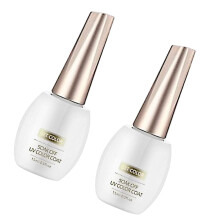 2Pz Gel Uv Manicure Facile Rimozione
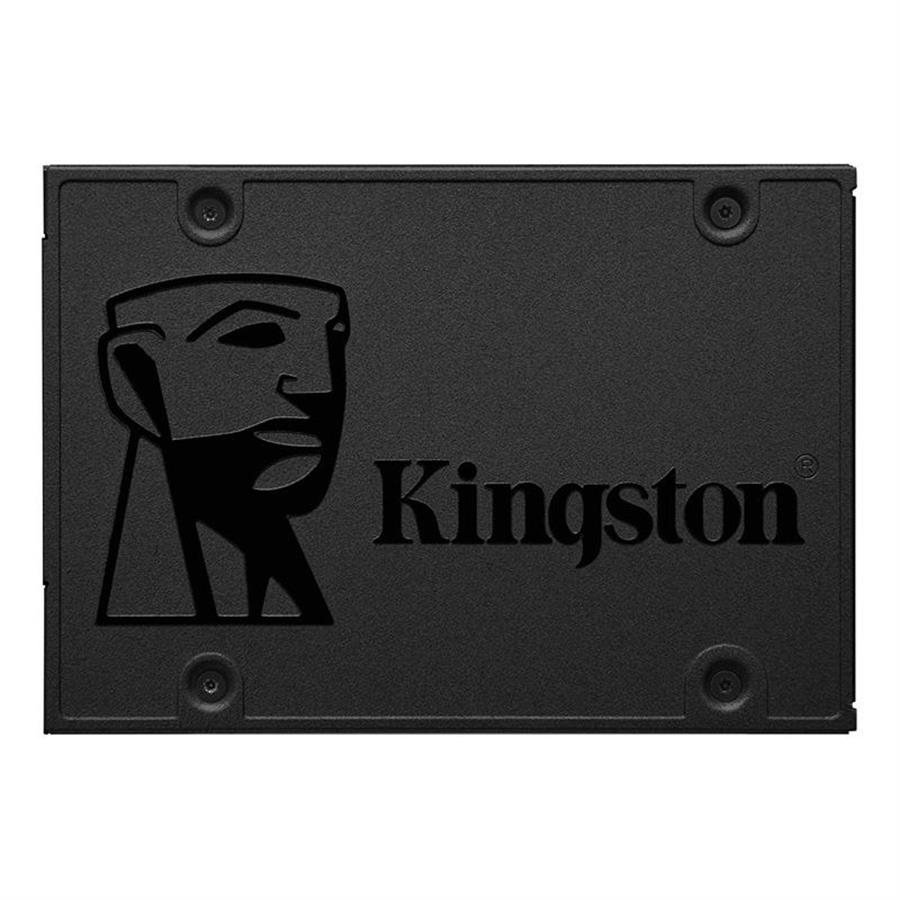 SSD Kingston 240GB SATA Disco Sólido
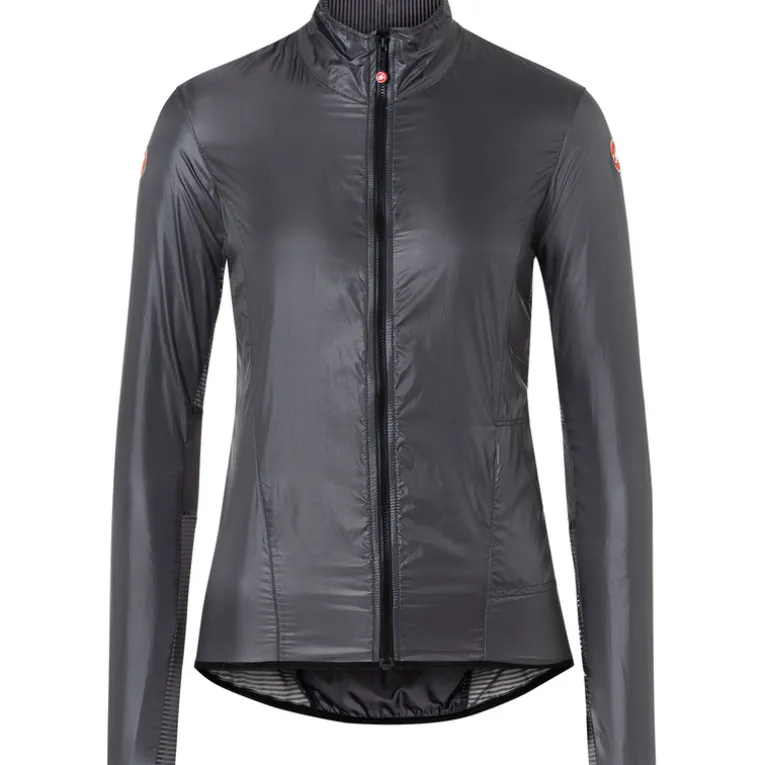 Damen Aria Shell Jacke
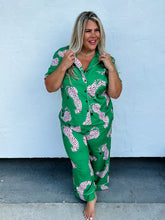 Load image into Gallery viewer, PREORDER: Luxe Lounge Sets in Three Prints Closes 8/15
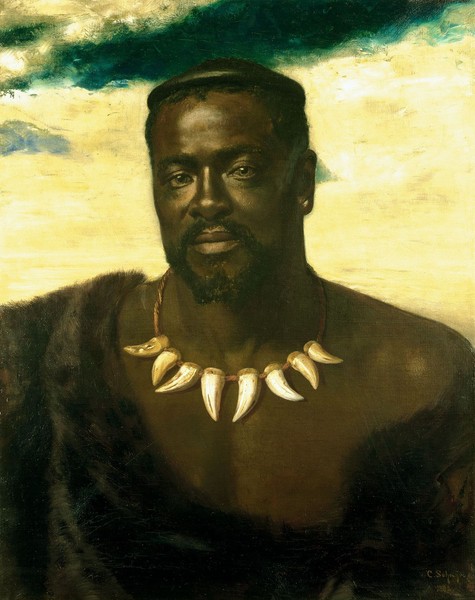 The Zulus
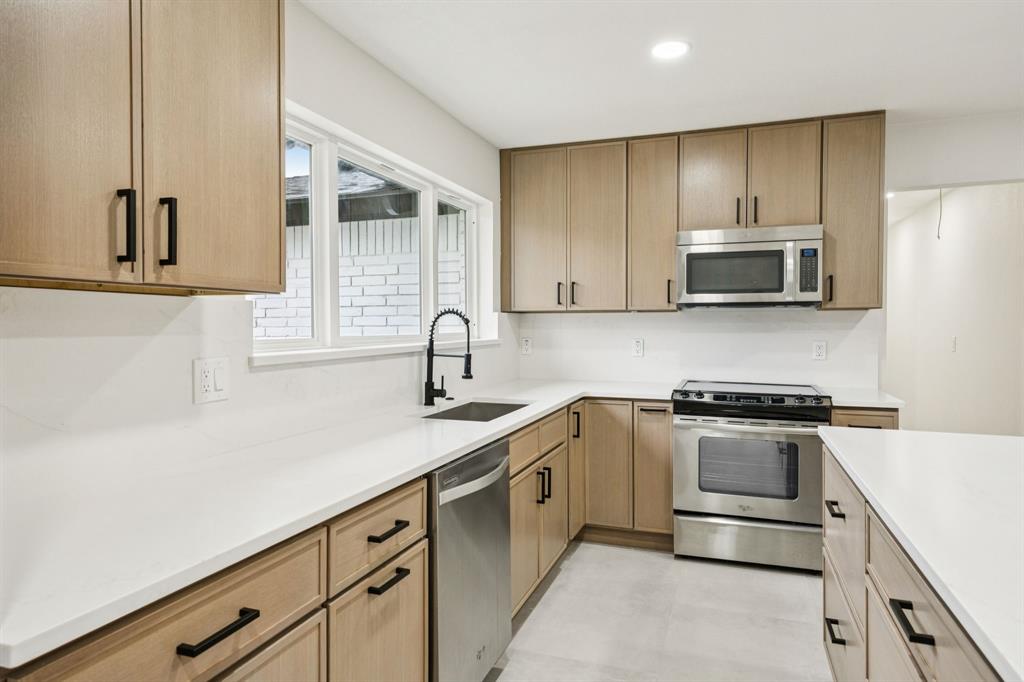 Ridgmar Add - Residential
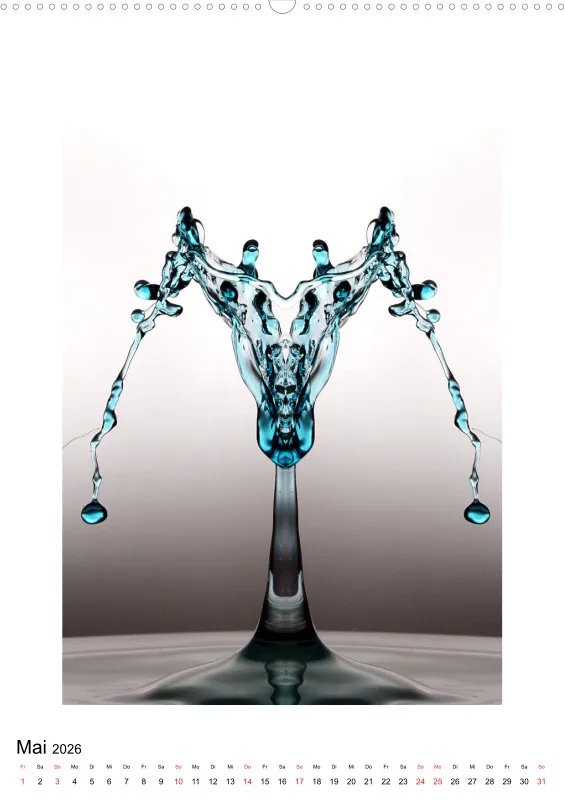 Liquid Art / V1 - A2 (DE)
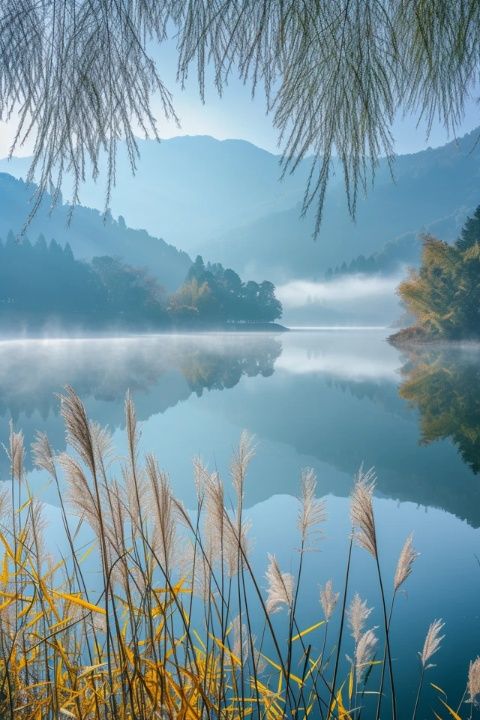 如果你錯過了夏天的新疆，那你一定不要錯過秋天新疆,這條南疆賞秋小眾線路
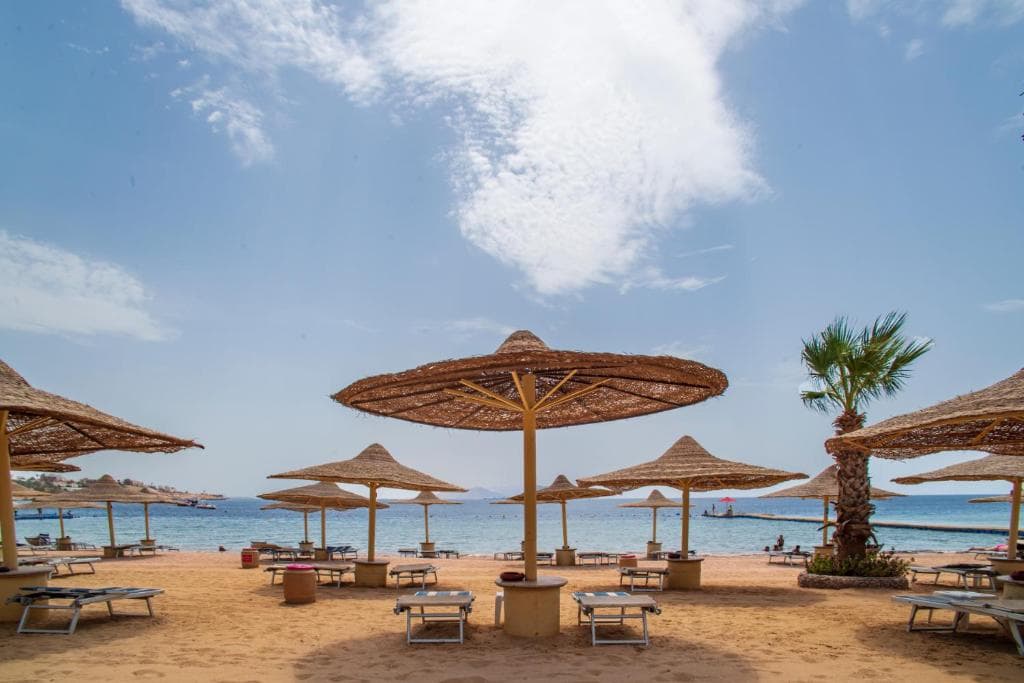 Sierra Hotel Sharm El Sheikh - 7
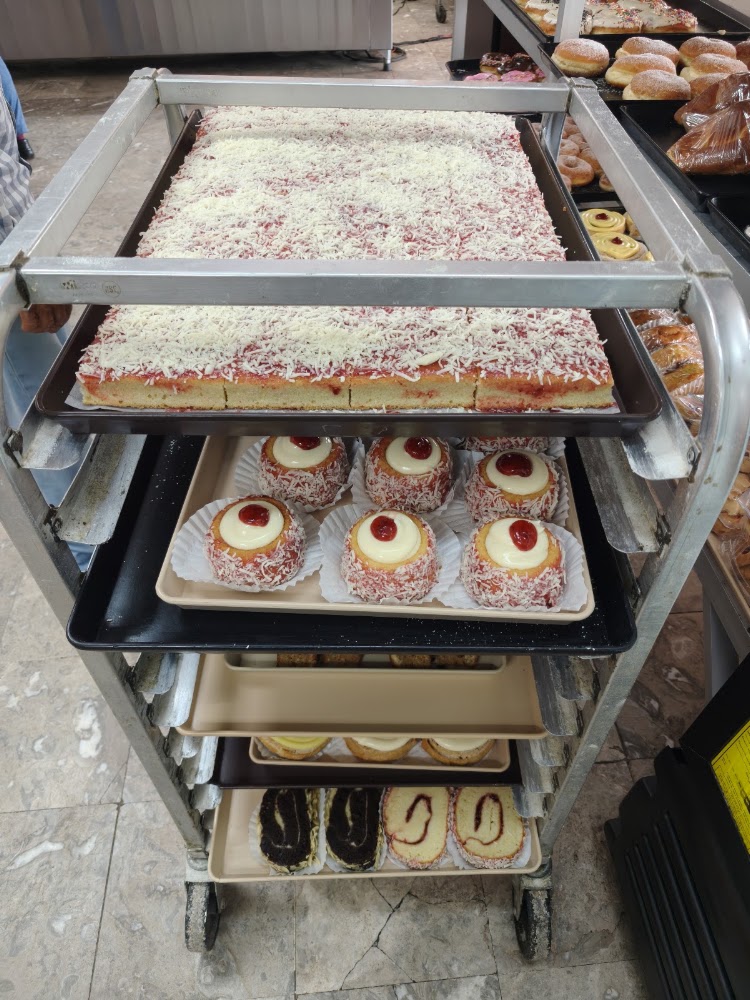 Tortas La Michoacana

### TASK ITEM
The answer must be an exact copy of the entries, with the pictures omitted.

### TASK OUTPUT
 2Pz Gel Uv Manicure Facile Rimozione
 SSD Kingston 240GB SATA Disco Sólido
 Damen Aria Shell Jacke
 Load image into Gallery viewer, PREORDER: Luxe Lounge Sets in Three Prints Closes 8/15
 The Zulus
 Ridgmar Add - Residential
 Liquid Art / V1 - A2 (DE)
 如果你錯過了夏天的新疆，那你一定不要錯過秋天新疆,這條南疆賞秋小眾線路
 Sierra Hotel Sharm El Sheikh - 7
 Tortas La Michoacana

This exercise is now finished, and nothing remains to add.